DEUXIÈME PARTIE
RÉCITS ÉGYPTIENS
Des soldats égyptiens dans le
Valais, canton alpestre suisse.
Maurice et Victor jetèrent un dernier
regard sur leur Thèbes natale. C'est dans
l'une de ces bourgades construites au milieu des
ruines de l'ancienne capitale de l'empire
égyptien qu'ils étaient nés.
Ils y avaient passé leur enfance et, en
somme, ne s'étaient jamais quittés.
Camarades de jeux, ils se considéraient
comme des frères. Le pays était
pauvre, les familles nombreuses. La terre
régulièrement abreuvée par le
Nil ne nourrissait pas tout son monde. Que faire
sinon s'exiler ? Ils avaient, pendant bien des
soirées, débattu la question.
Là, au bord du Nil, dans le temple en
ruines, qui donnait à la ville une
idée de sa grandeur passée, ils
s'étaient souvent assis pour méditer
sur leur sort. Ils aimaient aussi se promener dans
une étrange vallée, dont on disait
qu'elle contenait les tombeaux des anciens rois.
Personne n'y touchait : une tombe, c'est
sacré. De temps en temps on apprenait qu'un
voleur s'était introduit dans l'une de ces
sépultures et qu'il avait disparu à
jamais...
Ce qui les préoccupait le plus,
ce n'était pas tant de quitter leur famille.
Ils avaient assez de frères et de soeurs
pour les remplacer auprès de leurs parents.

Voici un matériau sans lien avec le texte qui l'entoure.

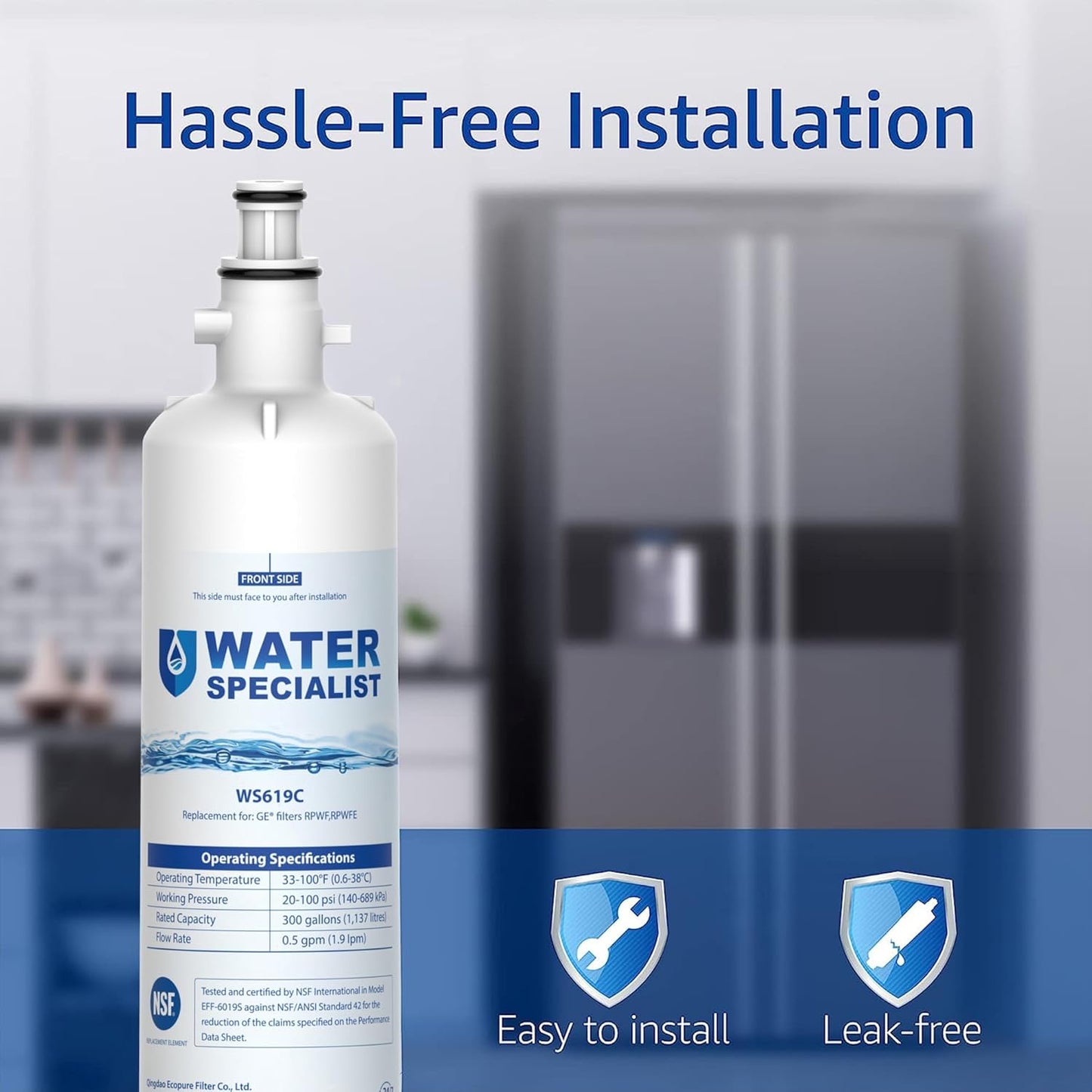 Waterspecialist Replacement for GE® RPWFE®, RPWF (Built-in CHIP) Refrigerator Water Filter, Compatible with GYS22GMNES, GYE22HSKSS, PYE22PELDS, GFE26GMKES, GFE26GGHWW, PFE28KYNFS, 4 Filters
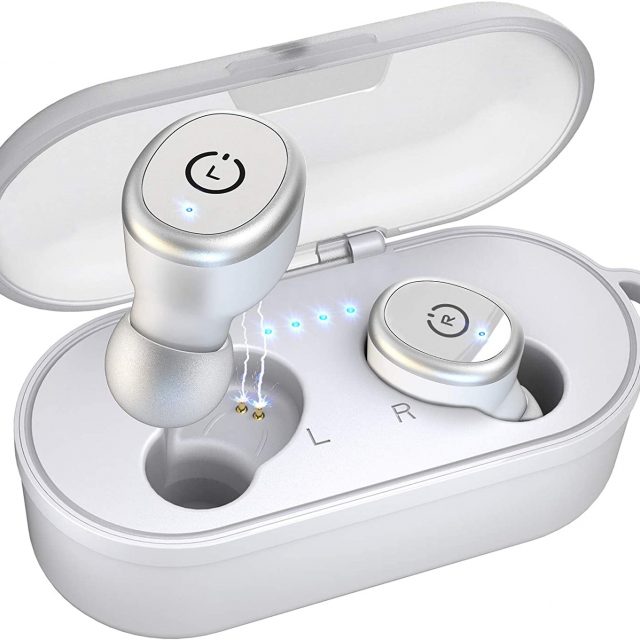 TOZO T10 Bluetooth 5.0 Wireless Earbuds with Wireless Charging Case IPX8 Waterproof TWS Stereo Headphones in Ear Built in Mic with Noise Reduction Headset Premium Sound with Deep Bass for Sport and Leisure All Colors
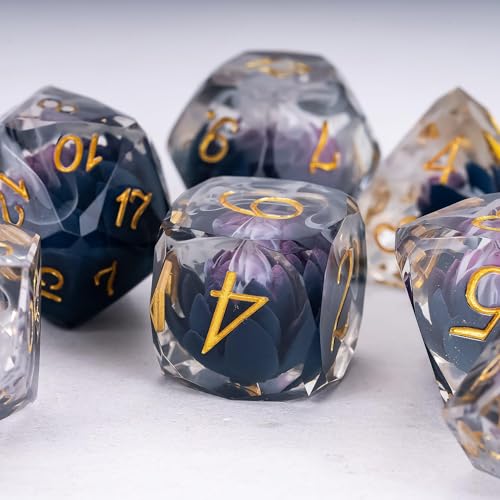 CRITALLIC 7PCS DND Dice SetTransparent Sharp Edge Dice Set DD RPG Polyhedral Diefor Dungeons and Dragons TTRPG Games Roleplaying Gameswith Gift BoxPurple Blue Lotus - Image 5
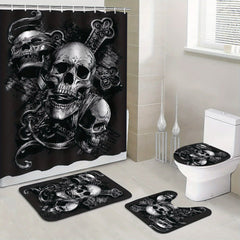 Skull Of The Dead Gothic Pattern Shower Curtain Toilet Seat Bathroom Mat Set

Mais ils étaient de fervents membres de leur
église. Ils y avaient tous leurs amis, elle
était devenue leur vraie communauté.
Chaque dimanche ils se rendaient au culte qui
était célébré dans un
temple païen transformé en sanctuaire
chrétien. Ils participaient à la
liturgie en répétant avec conviction
les paroles que l'officiant prononçait , et
quand ils prenaient la communion ils avaient la
certitude d'appartenir au corps de
Jésus-Christ. Comme ils arrivaient à
l'âge de se marier, leurs familles avaient
déjà fait, selon la coutume, des
arrangements provisoires. Une jeune fille
était destinée à
chacun.
Et le fleuve, avec quel plaisir ils
partaient en barque sur les flots, ils jouaient aux
pirates, ils étaient tantôt sur une
rive, tantôt sur l'autre. Ces jeux de
l'enfance, ils les avaient maintenus dans leur
jeunesse. Excellents exercices corporels qu'ils
pouvaient pratiquer toute l'année - car il
ne pleut jamais dans leur beau pays - et qui leur
avaient donné une vigueur physique dont ils
étaient fiers. Ils figuraient parmi les
jeunes gens les plus forts de la
Thébaïde.
Ils allaient partir. On leur avait dit
que ce n'était pas la guerre. Ils avaient
accepté volontairement du service dans l'une
des légions de l'empereur. Tout ce qu'ils
savaient, c'est qu'ils devraient suivre leurs chefs
dans des pays lointains, en Barbarie, quelque part
au-delà de la mer ; ils ne s'imaginaient
même pas ce qu'elle pouvait bien être.
ils connaissaient le Nil seulement et ils le
voyaient s'éloigner. Où allait-il ?
Ils l'ignoraient totalement. Mais l'agent recruteur
avait déjà préparé le
bateau qui les emmènerait à
l'embouchure du fleuve. Pour eux, ce serait
l'aventure de leur vie. Ils entraient dans une
grande armée qui avait pour but, bien
entendu, de maintenir la paix jusqu'aux confins de
l'Empire.
Au départ, ils furent
rassurés. Dans le contingent qui
s'embarquait, ils reconnurent des frères
chrétiens à la petite croix
tatouée sur leur bras et
s'associèrent à eux pour prier au
bord du fleuve. ils remettaient ainsi leur vie
à Dieu et se séparaient du berceau de
leur foi.
Ce fut un long voyage, beaucoup plus
long qu'ils ne l'avaient pensé. Ils
traversèrent pendant bien des jours la Mer
Méditerranée et aboutirent en
Italie.
Ce n'était point la fin de leur
épopée militaire; au contraire, elle
ne faisait que commencer. La situation de l'Empire,
qu'ils croyaient calme, devenait critique.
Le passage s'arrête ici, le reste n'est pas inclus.